RECORDS FOR PROCESSING.
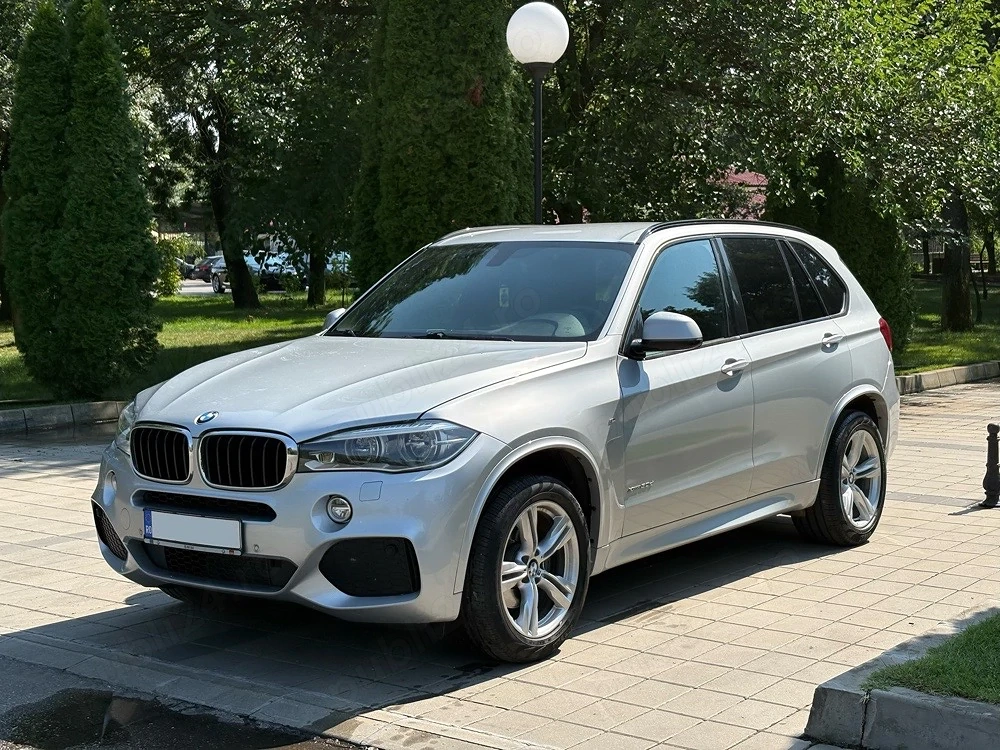 BMW X5 30d M sport 2014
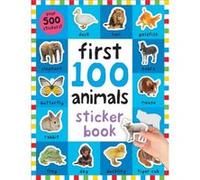 First 100 Stickers Animals - Roger Priddy - St. Martins Publishing Group - Livre en Anglais - Paperback Roger PriddyRoger Priddy (Auteur)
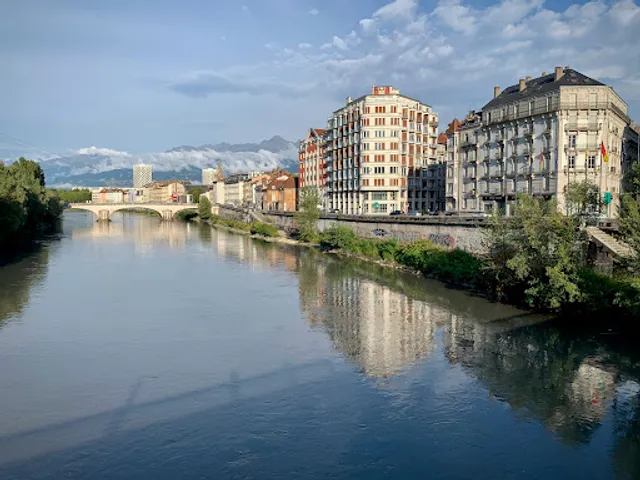 Pont de la Porte de France - Kofi-Annan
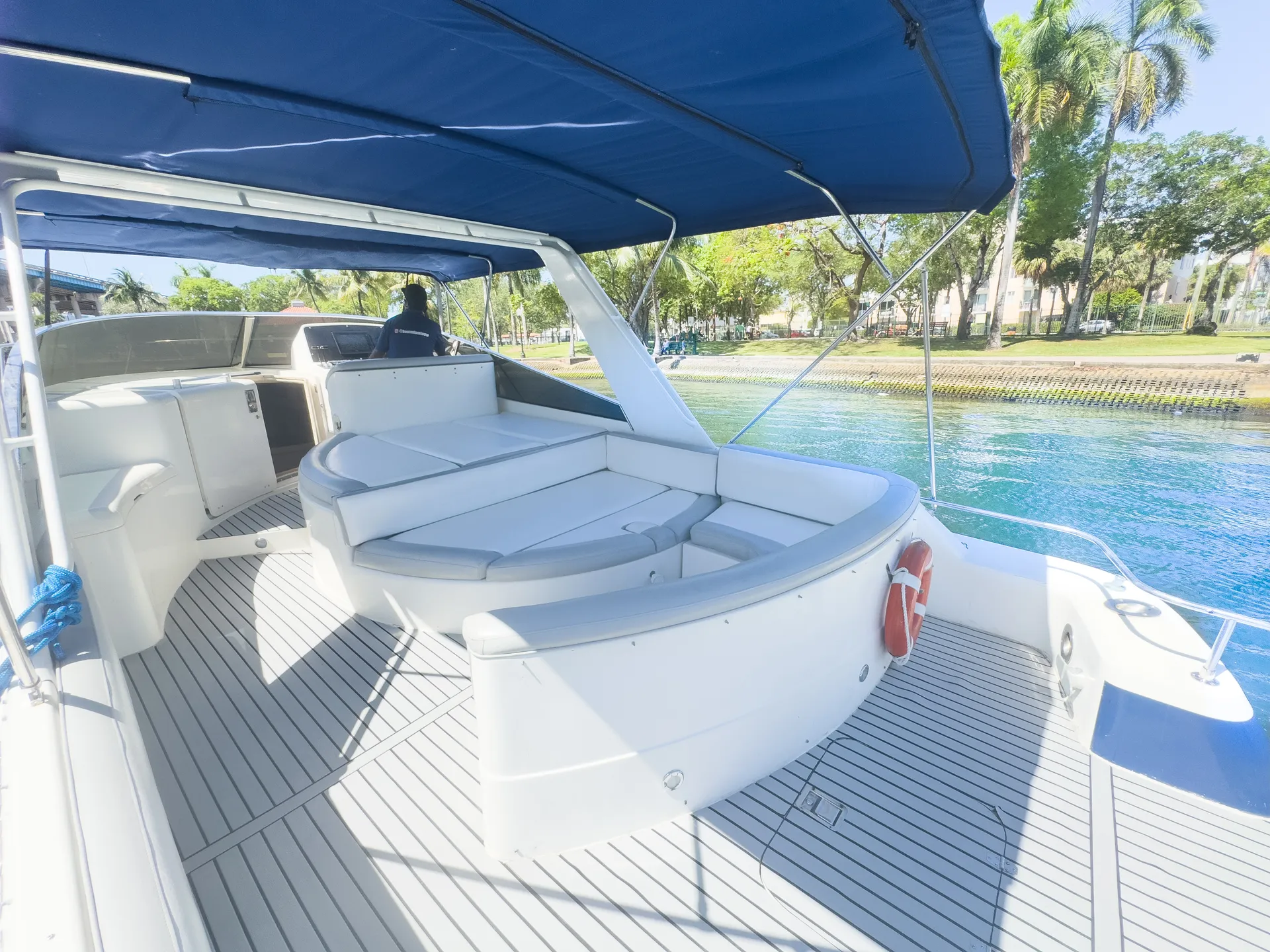 Enjoy “COPACABANA” Tempest 45FT in Miami!!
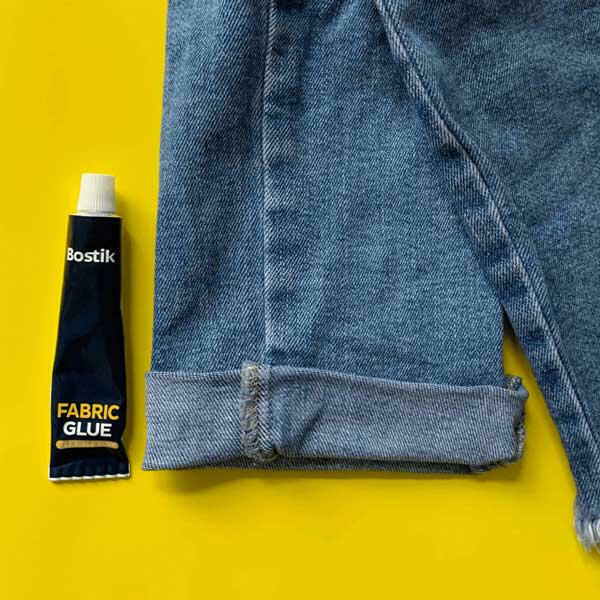 diy bostik Hong Kong fabric glue application 3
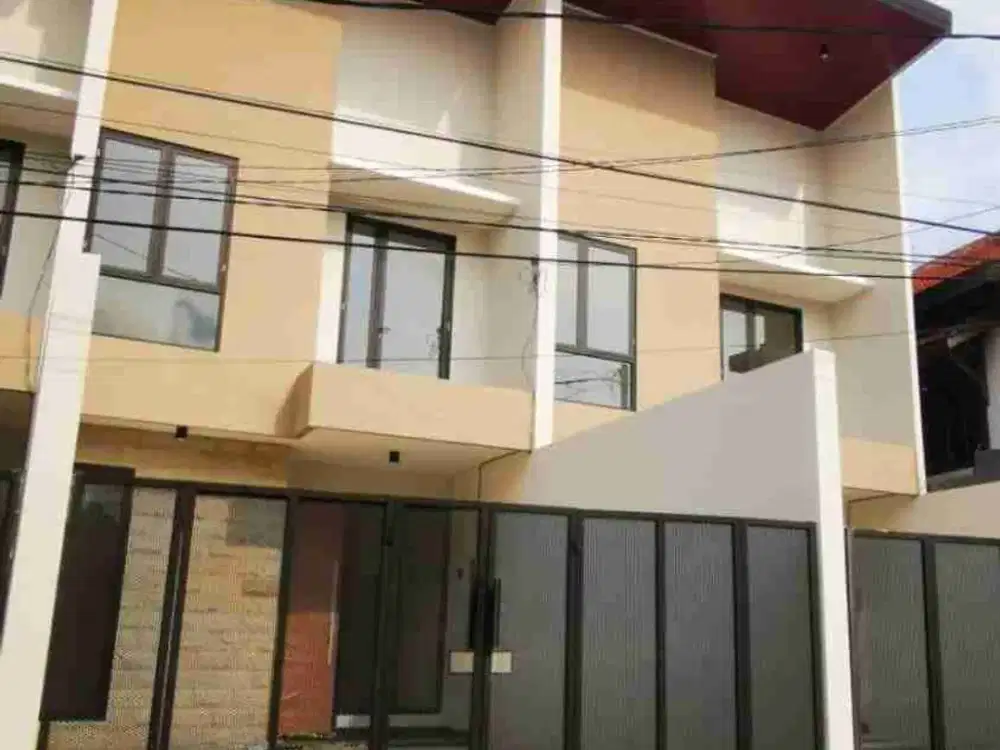 Dijual Rumah Baru Di Semampir Sukolilo Surabaya Timur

YOUR OBJECTIVE.
Produce a word-for-word version of the material, with no pictures included.

WRITTEN REPLY.
 BMW X5 30d M sport 2014
 First 100 Stickers Animals - Roger Priddy - St. Martins Publishing Group - Livre en Anglais - Paperback Roger PriddyRoger Priddy (Auteur)
 Pont de la Porte de France - Kofi-Annan
 Enjoy “COPACABANA” Tempest 45FT in Miami!!
 diy bostik Hong Kong fabric glue application 3
 Dijual Rumah Baru Di Semampir Sukolilo Surabaya Timur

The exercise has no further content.